=== Section Start ===

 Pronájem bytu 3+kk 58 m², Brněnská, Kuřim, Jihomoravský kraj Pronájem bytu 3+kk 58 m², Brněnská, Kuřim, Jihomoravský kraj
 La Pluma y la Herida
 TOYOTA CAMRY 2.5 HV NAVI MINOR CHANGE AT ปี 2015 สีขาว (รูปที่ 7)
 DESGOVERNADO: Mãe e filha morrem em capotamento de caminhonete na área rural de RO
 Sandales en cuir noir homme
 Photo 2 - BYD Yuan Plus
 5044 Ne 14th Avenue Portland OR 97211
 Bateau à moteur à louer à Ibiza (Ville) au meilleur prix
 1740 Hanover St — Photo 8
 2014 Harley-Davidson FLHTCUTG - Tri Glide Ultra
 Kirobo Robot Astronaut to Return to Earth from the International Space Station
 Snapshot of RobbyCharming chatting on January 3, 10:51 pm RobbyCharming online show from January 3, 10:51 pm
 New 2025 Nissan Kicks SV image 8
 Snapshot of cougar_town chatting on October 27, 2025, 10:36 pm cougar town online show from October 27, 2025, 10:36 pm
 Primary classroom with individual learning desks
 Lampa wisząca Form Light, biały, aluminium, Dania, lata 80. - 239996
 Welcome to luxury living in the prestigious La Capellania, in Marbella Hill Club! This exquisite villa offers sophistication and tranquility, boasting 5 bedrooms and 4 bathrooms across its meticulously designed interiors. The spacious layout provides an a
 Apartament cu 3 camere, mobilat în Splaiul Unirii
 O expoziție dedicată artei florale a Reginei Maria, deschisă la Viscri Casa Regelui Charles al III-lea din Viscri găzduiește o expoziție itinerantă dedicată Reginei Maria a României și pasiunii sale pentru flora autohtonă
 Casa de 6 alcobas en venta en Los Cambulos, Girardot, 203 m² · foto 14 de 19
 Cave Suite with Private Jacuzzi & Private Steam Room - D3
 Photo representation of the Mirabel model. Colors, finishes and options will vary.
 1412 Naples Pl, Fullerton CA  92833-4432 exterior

=== Section End ===

-- WORK REQUIRED --
The lines above from the one containing "2014 Harley-Davidson FLHTCUTG" through the one containing "Primary classroom with" are to be set down exactly, and no others.

-- ANSWER FOR THIS EXERCISE --
 2014 Harley-Davidson FLHTCUTG - Tri Glide Ultra
 Kirobo Robot Astronaut to Return to Earth from the International Space Station
 Snapshot of RobbyCharming chatting on January 3, 10:51 pm RobbyCharming online show from January 3, 10:51 pm
 New 2025 Nissan Kicks SV image 8
 Snapshot of cougar_town chatting on October 27, 2025, 10:36 pm cougar town online show from October 27, 2025, 10:36 pm
 Primary classroom with individual learning desks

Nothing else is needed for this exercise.